Low anal fistulas involving the lower third of the sphincter are generally treated with fistulotomy, a straightforward procedure that lays the tract open and carries success rates above 90%. High anal fistulas involving the upper two-thirds of the sphincter are more complex and require sphincter-sparing techniques like LIFT, seton placement, VAAFT or laser ablation to avoid permanent incontinence. The classification determines everything.
According to Dr. Rajeev Premnath, best proctologist in Bangalore, Getting the classification right before picking a technique is what separates a lasting result from a repeat surgery.
How Are Low Anal Fistulas Treated?
Low fistulas sit below the dentate line and involve minimal sphincter muscle, so treatment is more direct and recovery faster than most patients initially expect.
- Fistulotomy: The surgeon lays the tract open in one sitting and it heals from the base upward with success rates consistently above 90% for simple low tracts.
- Healing time: Three to four weeks for most patients because the wound stays shallow and sphincter damage is negligible, so continence isn’t a real concern here.
- Complications: Incontinence after fistulotomy for properly classified low tracts is uncommon, reported in fewer than 5% of cases where patient selection was done right.
- Recurrence: Low fistulas come back less often when the internal opening gets correctly identified and fully closed during the first procedure itself, something many patients don’t realise matters this much.
Outpatient fistulotomy remains the standard for uncomplicated low tracts with predictable timelines.
Early clinical assessment confirms the tract classification before deciding on fistula treatment.
What Makes High Anal Fistula Surgery More Complex?
High fistulas cross a significant chunk of the sphincter and a simple cut-through would risk permanent incontinence, so the surgical strategy changes entirely.
- Seton: A surgical thread placed through the tract gradually drains or cuts through muscle over several weeks, giving tissue time to heal in controlled stages rather than all at once and that patience is non-negotiable.
- VAAFT: Video-assisted treatment lets the surgeon visualise the entire tract from inside, destroy the lining under direct vision and close the internal opening without cutting muscle at all.
- LIFT: The tract gets accessed between the two sphincter layers, tied off and removed while both muscles stay completely intact, and this approach works well for patients who also need piles treatment when conditions overlap.
- Staged repair: Some high fistulas genuinely need more than one operation because branching is complex or infection hasn’t settled enough for definitive repair to hold.

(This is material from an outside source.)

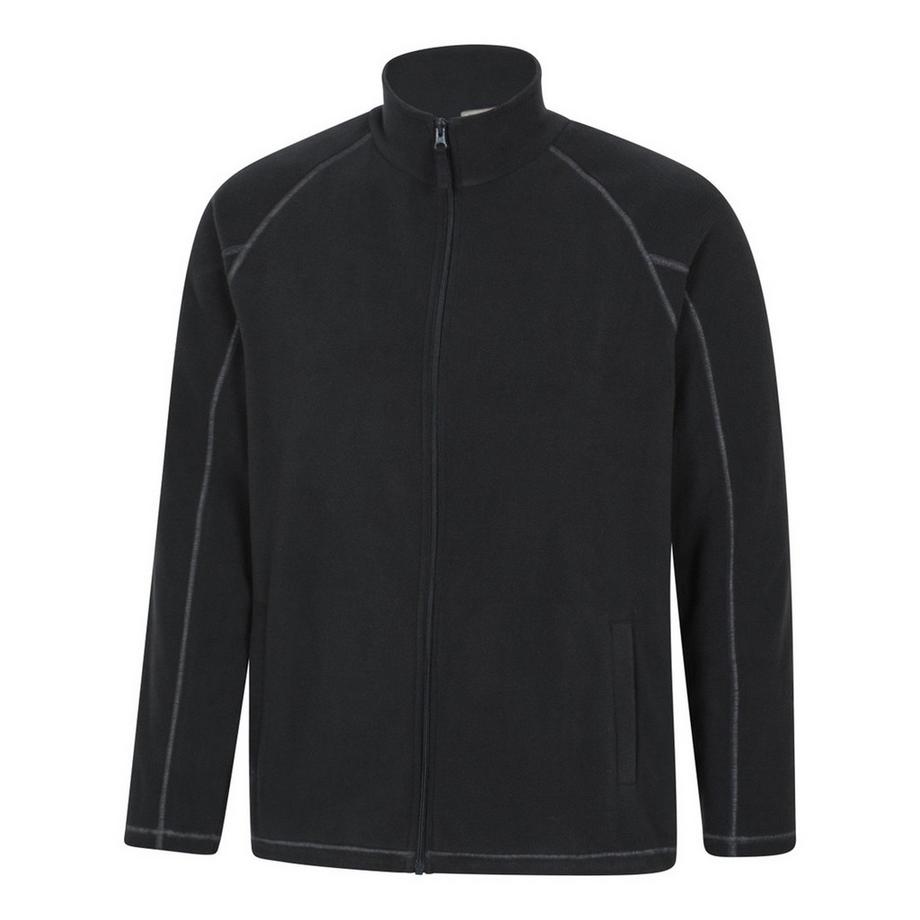 Mountain Warehouse Veste Polaire Ashbourne Fermeture Éclair Intégrale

No single technique works for every high fistula and the anatomy decides everything. Honestly, that’s the part most patients don’t hear until they’re already in the consultation room.

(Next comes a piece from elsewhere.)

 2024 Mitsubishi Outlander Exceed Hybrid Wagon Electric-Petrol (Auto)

Understanding why fistula recurrence happens helps patients ask better questions before agreeing to a repeat procedure.
Why Choose Dr. Rajeev Premnath?
Dr. Rajeev Premnath performed Karnataka’s first VAAFT surgery for anal fistula and brings over 20 years of experience across general, laparoscopic and proctological procedures with international training from France, Germany and Singapore. He holds FRCS (Glasgow), FEBS, FACS, FIAGES and a Diploma in Laparoscopy from IRCAD France.

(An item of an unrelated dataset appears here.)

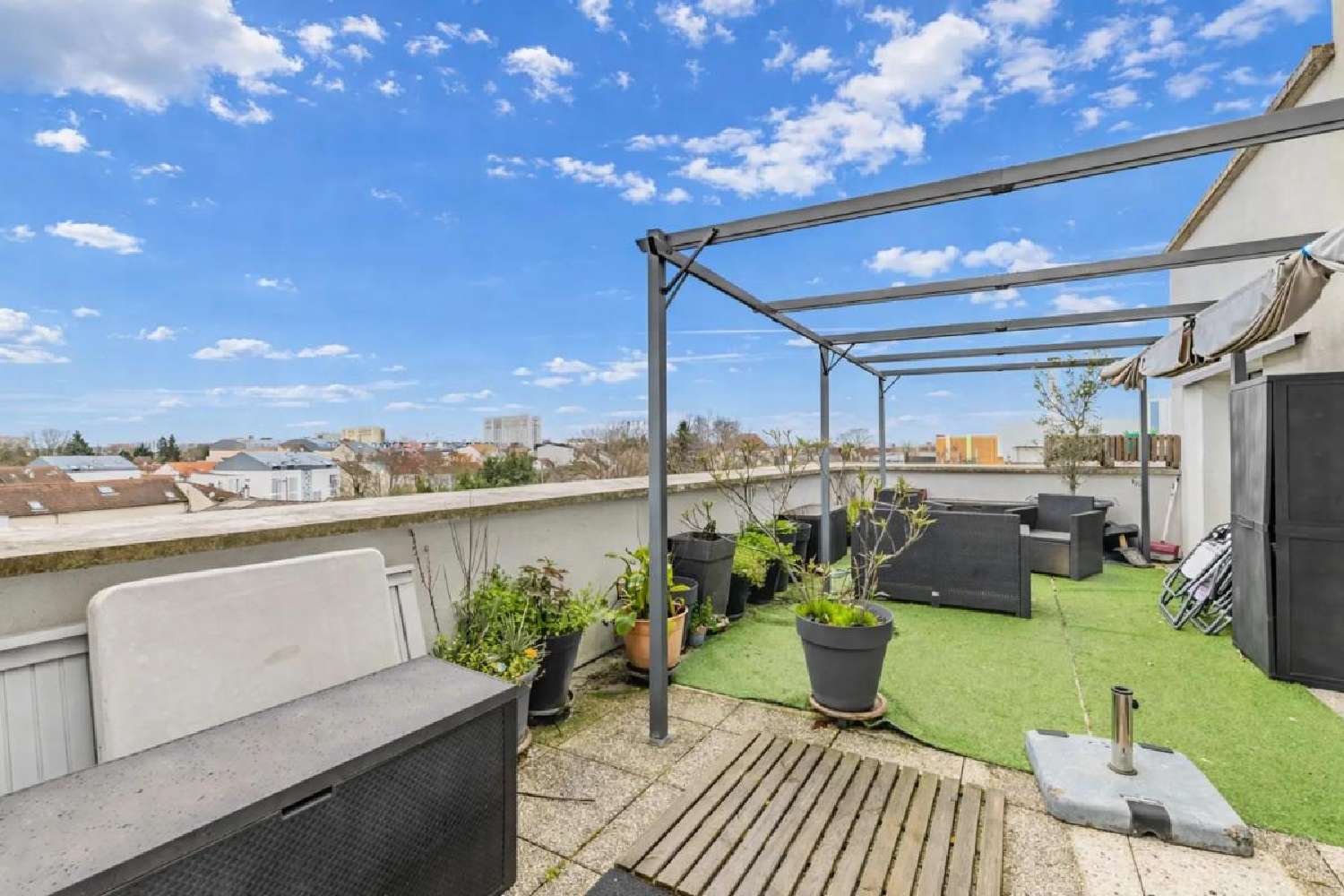  en venta apartamento Stains Seine-Saint-Denis 1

Patients with complex or recurrent fistulas get a proper MRI-correlated assessment before any surgical plan is finalised. That one step changes outcomes more than most people realise. Blunt truth.
Struggling with a fistula that keeps draining or recurring?
FAQs
Is fistulotomy safe for all types of anal fistula?
Fistulotomy is safe only for low fistulas with minimal sphincter involvement.
Can a low fistula turn into a high fistula?
Untreated or recurrent fistulas can extend deeper into the sphincter complex.
Which surgery is best for high anal fistula?
VAAFT and LIFT are preferred sphincter-sparing options for most high tracts.
How long does recovery take after high fistula surgery?
Recovery takes six to twelve weeks depending on technique and tract complexity.